Eine knusprige Tarte mit saftigen Früchten und aromatischer Mandelcreme gelingt auch ohne viel Backerfahrung. In diesem Beitrag zeige ich mein bewährtes Amandine-Rezept mit Birnen, erkläre die typische Mandelcreme und gebe konkrete Tipps zu Backzeit, Varianten, Fehlern und Aufbewahrung.
Die wichtigsten Stellschrauben für eine aromatische Tarte
- Crème d’amande besteht aus Butter, Zucker, Ei und gemahlenen Mandeln.
- Für eine 26-cm-Form reichen 35 bis 40 Minuten Backzeit bei 180 °C Ober-/Unterhitze.
- Birnen, Äpfel, Aprikosen und Pflaumen passen besonders gut zur Mandelbasis.
- Die Mandelcreme erst auf den vorgebackenen Mürbeteig streichen, damit der Boden knusprig bleibt.
- Vor dem Anschneiden sollte die Tarte mindestens 30 Minuten abkühlen.

Was Amandine bei Desserts eigentlich bedeutet
„Amandine“ weist in der französischen Küche auf Mandeln als prägendes Aroma hin. Bei Desserts ist damit meist eine Tarte mit süßer Mandelcreme gemeint, häufig ergänzt durch Birnen oder andere Früchte.
Die Bezeichnung beschreibt allerdings kein einziges festgelegtes Rezept. Entscheidend sind die Kombination aus mürbem Boden, buttriger Mandelcreme und saftigem Belag. Genau diese Mischung macht die Tarte so angenehm: Sie schmeckt nussig und reichhaltig, wirkt durch die Früchte aber nicht schwer.
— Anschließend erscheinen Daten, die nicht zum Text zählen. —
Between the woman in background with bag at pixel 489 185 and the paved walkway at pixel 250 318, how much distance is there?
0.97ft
Ich bereite sie am liebsten mit Birnen zu, weil sie beim Backen weich werden, ohne sofort zu zerfallen. Wer es frischer mag, kann etwas Zitronenschale oder einen kleinen Schuss Williams-Christ-Birnenbrand in die Creme geben.
Meine Tarte Amandine mit Birnen
Die folgende Menge reicht für eine 26-cm-Tarteform und ergibt etwa acht Stücke. Ich plane rund 35 Minuten für die Vorbereitung ein, dazu kommen Kühl- und Backzeit.
| Bestandteil | Zutaten |
|---|---|
| Mürbeteig | 200 g Mehl, 100 g kalte Butter, 60 g Puderzucker, 1 Eigelb, 1 Prise Salz |
| Mandelcreme | 100 g weiche Butter, 100 g Zucker, 2 Eier, 120 g gemahlene Mandeln, 20 g Mehl, 1 TL Vanilleextrakt |
| Belag | 3 reife, aber feste Birnen, 1 EL Zitronensaft, 2 EL Mandelblättchen |
| Optional | 1 EL Aprikosenkonfitüre zum Glasieren, Puderzucker zum Servieren |
Die Zubereitung in der richtigen Reihenfolge
- Teig herstellen: Mehl, Puderzucker und Salz mischen. Kalte Butter in Würfeln und Eigelb dazugeben, alles rasch zu einem glatten Teig verkneten. Den Teig 30 Minuten kalt stellen.
- Form vorbereiten: Den Teig ausrollen, in die gefettete Form legen und den Rand leicht andrücken. Den Boden mehrmals mit einer Gabel einstechen.
- Blindbacken: Backpapier auflegen, mit Hülsenfrüchten beschweren und den Boden 12 Minuten bei 180 °C vorbacken. Danach Backpapier und Gewicht entfernen.
- Mandelcreme rühren: Weiche Butter und Zucker cremig schlagen. Eier einzeln unterrühren, danach Mandeln, Mehl und Vanille einarbeiten.
- Belegen: Mandelcreme auf dem vorgebackenen Boden verstreichen. Birnen schälen, in dünne Spalten schneiden, mit Zitronensaft mischen und fächerförmig auflegen.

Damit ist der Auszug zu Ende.